# Which of the 16 MBTI types is most skilled at detecting someone has a crush on them?



## ShadowedWords (Apr 24, 2018)

So I got to thinking, out of all the MBTI types, which do you think is most likely to know that someone is crushing on them and why? I think the NF temperament, specifically INFJs and ENFPs, are most likely to figure out someone is romantically interested in them due to their intuitive capabilities. Comparably, I think SPs, specifically ESFPs, are most likely to be oblivious to this. 

Your thoughts?


----------



## Jeffrei (Aug 23, 2016)

I don't know about that. Sensing feelers are pretty good at picking up on social stuff. Never underestimate a sensor.


----------



## elight (Nov 11, 2014)

I don't know all types that well, but from my experience I'm inclined to say it could be INFJs/INFPs... they seem to be well aware of emotions of other people while also being aware of their own emotions, and how people feel about their person.
I'd say ENTPs can be very oblivous when someone has a crush on them but I think they are very observant and can pick up on even the smallest cues when something is going on between their friends. As an INTJ, I'd say we are also oblivous to others having a crush on us - me personally, I tend to downplay someone's interest as "not romantic for sure, he's just interested in my *insert excuse like art, academic publication or whatnot"... because I have hard time imagining why on earth would anyone have a crush on me.


----------



## Kommandant (Jun 27, 2017)

Not INTPs if that helps :^)

IxFx types i can imagen... but only the ones with a more or less healthy self-esteem, because if thats not given they might notice some signs but be in denial about them.


----------



## LeSangDeCentAns (Apr 10, 2018)

Personally, I'm very good at understanding what others are feeling, and I'm never surprised by advancements. My gut feeling is fucking awesome and I'm pissed that I doubted it so much when I was younger. I'm pissed not in terms of love interests, but in terms of having the upper hand on my covert opponents.


----------



## Surreal Snake (Nov 17, 2009)

Ixxj


----------



## knifey (Jun 25, 2017)

Kommandant said:


> Not INTPs if that helps :^)


AhahAhahaha..... thanks for that. I'm sure that helps everybody.

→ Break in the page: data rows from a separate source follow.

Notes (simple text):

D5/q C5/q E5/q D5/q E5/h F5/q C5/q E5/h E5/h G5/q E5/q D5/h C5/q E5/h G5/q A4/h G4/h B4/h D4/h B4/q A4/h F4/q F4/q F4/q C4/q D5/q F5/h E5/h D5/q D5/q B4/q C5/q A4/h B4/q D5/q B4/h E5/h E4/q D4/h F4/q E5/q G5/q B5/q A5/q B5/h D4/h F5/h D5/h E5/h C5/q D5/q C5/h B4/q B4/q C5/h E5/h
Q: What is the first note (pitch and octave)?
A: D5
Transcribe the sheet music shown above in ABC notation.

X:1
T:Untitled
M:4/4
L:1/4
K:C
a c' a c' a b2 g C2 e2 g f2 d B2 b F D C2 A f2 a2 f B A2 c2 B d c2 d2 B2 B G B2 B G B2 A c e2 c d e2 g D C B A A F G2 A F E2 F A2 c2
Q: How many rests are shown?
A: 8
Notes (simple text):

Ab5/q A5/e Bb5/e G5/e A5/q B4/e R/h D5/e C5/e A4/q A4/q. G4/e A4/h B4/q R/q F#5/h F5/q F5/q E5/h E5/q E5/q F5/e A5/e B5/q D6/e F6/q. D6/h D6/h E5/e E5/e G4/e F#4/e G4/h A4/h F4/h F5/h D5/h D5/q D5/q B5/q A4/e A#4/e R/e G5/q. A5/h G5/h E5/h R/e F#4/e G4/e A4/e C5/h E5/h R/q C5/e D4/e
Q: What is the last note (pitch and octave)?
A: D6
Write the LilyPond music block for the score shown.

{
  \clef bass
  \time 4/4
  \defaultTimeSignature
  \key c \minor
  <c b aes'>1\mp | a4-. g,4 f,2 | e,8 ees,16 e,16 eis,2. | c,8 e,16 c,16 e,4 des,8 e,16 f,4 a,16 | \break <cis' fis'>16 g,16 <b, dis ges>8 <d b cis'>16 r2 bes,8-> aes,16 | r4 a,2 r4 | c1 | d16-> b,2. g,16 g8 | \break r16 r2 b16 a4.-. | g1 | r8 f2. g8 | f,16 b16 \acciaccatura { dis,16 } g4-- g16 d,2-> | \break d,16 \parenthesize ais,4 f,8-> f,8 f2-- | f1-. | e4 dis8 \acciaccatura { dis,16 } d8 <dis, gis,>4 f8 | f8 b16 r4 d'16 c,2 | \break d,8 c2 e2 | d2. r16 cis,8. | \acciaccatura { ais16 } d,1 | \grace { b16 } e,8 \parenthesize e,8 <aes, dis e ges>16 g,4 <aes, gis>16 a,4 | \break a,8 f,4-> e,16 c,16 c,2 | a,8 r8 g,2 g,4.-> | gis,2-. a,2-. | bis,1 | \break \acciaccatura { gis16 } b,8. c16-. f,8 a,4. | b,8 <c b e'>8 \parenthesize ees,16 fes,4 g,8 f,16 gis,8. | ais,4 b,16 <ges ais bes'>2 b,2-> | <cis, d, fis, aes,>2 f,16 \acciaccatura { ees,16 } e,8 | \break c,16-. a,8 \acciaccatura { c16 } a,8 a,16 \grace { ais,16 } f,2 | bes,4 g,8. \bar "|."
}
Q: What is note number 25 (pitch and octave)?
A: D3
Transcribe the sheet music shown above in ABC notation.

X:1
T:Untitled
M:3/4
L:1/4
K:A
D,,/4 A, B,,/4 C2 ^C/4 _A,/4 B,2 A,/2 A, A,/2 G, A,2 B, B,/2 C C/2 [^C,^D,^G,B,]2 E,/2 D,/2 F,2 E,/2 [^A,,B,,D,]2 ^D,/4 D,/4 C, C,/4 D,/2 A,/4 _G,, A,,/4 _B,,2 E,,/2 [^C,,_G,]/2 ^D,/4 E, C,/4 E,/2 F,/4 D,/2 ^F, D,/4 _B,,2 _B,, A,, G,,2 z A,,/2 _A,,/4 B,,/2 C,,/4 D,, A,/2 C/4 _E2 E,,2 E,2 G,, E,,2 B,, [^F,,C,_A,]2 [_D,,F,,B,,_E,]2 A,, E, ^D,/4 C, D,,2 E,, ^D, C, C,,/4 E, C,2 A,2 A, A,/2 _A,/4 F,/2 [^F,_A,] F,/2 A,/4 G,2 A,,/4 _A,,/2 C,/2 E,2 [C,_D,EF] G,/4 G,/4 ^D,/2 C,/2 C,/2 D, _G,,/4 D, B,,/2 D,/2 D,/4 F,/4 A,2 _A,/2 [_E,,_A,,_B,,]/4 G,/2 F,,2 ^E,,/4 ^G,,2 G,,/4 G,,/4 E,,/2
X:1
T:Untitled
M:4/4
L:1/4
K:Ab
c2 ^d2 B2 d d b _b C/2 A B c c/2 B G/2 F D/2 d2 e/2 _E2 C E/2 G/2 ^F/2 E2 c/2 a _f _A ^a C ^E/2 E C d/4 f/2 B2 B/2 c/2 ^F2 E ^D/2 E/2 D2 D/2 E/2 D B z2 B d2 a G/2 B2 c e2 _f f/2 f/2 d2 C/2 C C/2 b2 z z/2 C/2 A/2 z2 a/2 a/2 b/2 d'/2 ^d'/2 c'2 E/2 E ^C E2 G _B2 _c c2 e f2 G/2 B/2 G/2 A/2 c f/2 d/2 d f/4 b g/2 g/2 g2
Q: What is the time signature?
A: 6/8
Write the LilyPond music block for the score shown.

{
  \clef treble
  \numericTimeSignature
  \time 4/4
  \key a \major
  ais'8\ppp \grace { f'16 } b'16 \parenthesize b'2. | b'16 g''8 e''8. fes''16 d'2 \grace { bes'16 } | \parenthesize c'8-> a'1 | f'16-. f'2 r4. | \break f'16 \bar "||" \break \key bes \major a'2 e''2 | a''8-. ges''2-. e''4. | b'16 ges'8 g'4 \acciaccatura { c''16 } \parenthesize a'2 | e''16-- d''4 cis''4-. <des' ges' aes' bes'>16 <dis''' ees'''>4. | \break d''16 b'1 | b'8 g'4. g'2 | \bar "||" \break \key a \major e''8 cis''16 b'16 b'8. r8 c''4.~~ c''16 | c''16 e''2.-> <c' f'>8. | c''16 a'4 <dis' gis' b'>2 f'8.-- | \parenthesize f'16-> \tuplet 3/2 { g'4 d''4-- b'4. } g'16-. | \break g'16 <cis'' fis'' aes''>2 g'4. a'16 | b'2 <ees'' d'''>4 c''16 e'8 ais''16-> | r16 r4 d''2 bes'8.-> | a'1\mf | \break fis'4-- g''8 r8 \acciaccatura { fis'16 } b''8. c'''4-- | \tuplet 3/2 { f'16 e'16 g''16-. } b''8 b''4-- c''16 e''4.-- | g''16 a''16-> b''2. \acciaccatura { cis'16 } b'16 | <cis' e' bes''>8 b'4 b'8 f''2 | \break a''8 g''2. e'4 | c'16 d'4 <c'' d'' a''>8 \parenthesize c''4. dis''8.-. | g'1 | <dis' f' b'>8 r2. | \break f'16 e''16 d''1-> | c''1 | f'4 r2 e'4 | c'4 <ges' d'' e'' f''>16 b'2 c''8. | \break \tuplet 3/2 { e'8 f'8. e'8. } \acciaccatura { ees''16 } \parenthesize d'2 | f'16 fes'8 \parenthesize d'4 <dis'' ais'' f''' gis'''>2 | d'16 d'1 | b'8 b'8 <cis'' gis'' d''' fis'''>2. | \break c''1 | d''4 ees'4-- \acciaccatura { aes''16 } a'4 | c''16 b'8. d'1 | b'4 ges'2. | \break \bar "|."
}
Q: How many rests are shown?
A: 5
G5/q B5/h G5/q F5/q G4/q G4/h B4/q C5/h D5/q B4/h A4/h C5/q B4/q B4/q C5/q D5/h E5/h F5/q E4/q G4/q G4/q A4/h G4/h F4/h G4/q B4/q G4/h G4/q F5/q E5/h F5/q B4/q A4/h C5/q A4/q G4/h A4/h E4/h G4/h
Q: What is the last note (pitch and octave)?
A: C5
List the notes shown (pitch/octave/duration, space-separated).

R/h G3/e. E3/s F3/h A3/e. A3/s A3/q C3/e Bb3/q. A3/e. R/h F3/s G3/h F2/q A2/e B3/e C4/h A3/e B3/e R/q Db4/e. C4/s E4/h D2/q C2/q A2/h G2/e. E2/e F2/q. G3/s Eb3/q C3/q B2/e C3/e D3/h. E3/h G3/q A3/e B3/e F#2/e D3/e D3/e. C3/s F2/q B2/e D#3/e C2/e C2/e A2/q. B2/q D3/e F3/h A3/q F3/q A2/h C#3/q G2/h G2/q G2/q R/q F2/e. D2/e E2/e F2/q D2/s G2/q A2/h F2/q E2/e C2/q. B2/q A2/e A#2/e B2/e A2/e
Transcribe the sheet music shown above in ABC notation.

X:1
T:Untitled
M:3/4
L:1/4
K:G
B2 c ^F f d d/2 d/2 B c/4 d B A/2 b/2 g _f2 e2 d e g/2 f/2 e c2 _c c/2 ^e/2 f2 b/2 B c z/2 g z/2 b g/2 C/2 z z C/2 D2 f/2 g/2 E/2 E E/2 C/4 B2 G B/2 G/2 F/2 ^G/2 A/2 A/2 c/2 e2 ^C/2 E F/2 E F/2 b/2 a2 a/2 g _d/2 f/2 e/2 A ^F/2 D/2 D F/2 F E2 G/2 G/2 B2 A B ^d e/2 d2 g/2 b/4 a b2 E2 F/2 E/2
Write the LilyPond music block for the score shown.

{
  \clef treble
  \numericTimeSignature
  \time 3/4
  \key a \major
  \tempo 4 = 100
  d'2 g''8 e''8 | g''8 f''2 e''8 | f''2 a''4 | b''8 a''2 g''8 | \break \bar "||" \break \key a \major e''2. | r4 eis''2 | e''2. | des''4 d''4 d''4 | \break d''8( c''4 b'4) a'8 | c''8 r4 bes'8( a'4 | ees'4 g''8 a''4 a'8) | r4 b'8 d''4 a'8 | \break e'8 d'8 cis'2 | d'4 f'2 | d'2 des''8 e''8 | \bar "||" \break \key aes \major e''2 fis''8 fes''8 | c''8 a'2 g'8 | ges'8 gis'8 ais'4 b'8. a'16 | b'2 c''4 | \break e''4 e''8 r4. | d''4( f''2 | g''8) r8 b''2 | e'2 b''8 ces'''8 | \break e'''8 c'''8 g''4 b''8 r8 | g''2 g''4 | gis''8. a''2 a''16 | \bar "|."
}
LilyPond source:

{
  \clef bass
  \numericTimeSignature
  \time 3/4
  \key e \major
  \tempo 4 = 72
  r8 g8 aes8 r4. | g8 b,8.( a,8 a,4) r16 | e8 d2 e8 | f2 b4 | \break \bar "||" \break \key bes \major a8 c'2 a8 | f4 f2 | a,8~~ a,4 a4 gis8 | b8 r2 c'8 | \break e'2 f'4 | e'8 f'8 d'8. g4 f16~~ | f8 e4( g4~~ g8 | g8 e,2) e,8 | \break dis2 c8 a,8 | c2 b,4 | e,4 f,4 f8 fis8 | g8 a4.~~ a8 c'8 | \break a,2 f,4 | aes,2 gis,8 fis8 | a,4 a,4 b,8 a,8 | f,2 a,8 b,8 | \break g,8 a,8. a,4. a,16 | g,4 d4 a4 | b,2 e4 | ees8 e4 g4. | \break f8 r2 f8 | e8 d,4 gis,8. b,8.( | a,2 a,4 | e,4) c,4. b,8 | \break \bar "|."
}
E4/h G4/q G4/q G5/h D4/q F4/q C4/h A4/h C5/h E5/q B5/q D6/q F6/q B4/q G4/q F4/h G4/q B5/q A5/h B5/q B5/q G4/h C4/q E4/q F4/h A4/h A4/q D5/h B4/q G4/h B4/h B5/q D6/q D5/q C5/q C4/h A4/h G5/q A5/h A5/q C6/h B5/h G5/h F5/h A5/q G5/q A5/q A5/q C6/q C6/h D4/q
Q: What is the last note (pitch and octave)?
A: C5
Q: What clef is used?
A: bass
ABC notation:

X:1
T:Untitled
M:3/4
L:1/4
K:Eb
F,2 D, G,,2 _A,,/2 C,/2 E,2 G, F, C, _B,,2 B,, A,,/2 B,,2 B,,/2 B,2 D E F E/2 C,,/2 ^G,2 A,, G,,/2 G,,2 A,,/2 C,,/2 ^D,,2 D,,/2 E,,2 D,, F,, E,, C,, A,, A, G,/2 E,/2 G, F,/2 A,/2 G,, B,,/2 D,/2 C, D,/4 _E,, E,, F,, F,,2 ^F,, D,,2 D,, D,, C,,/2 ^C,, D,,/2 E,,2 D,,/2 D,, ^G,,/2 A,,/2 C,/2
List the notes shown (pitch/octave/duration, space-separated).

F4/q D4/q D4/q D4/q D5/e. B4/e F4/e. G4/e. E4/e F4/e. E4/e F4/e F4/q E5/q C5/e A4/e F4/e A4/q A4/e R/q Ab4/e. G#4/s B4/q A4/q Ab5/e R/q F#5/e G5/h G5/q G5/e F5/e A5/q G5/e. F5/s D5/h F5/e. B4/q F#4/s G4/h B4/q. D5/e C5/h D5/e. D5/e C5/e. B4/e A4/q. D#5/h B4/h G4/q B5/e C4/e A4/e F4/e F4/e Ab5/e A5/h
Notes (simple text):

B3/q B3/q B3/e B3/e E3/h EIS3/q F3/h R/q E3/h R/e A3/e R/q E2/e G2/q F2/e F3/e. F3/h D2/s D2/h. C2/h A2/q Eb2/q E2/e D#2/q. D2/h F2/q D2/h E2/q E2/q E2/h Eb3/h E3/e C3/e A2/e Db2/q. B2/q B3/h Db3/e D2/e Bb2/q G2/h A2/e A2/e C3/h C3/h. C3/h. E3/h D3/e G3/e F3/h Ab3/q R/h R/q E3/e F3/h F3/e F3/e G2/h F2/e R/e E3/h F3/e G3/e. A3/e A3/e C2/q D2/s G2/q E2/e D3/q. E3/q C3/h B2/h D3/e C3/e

I definitely think ISTJ or INFJ are the best. Probably ISFJ would if they aren't too busy loathing themselves at the time to notice.


----------



## Kommandant (Jun 27, 2017)

knifey said:


> AhahAhahaha..... thanks for that. I'm sure that helps everybody.


lol ikr, probably _everyone_ thought INTP are the true experts when it comes to detecting if someone has a crush on them.
Always glad i can help and clear things up :^)))


----------



## I am justice! (Feb 28, 2018)

well I am so clueless, you can flirt with me for a good hour but I think that you are being friendly...........

it is sad,I know.....


----------



## jetser (Jan 6, 2016)

I*FP

FPs in general


----------



## Stevester (Feb 28, 2016)

Intuitives guess people's motivations by reading between the lines of their words and behaviors, sensors use body languages and concrete analysis to figure out what someone is up to. So no, intuition is not all knowing and mind-reading. 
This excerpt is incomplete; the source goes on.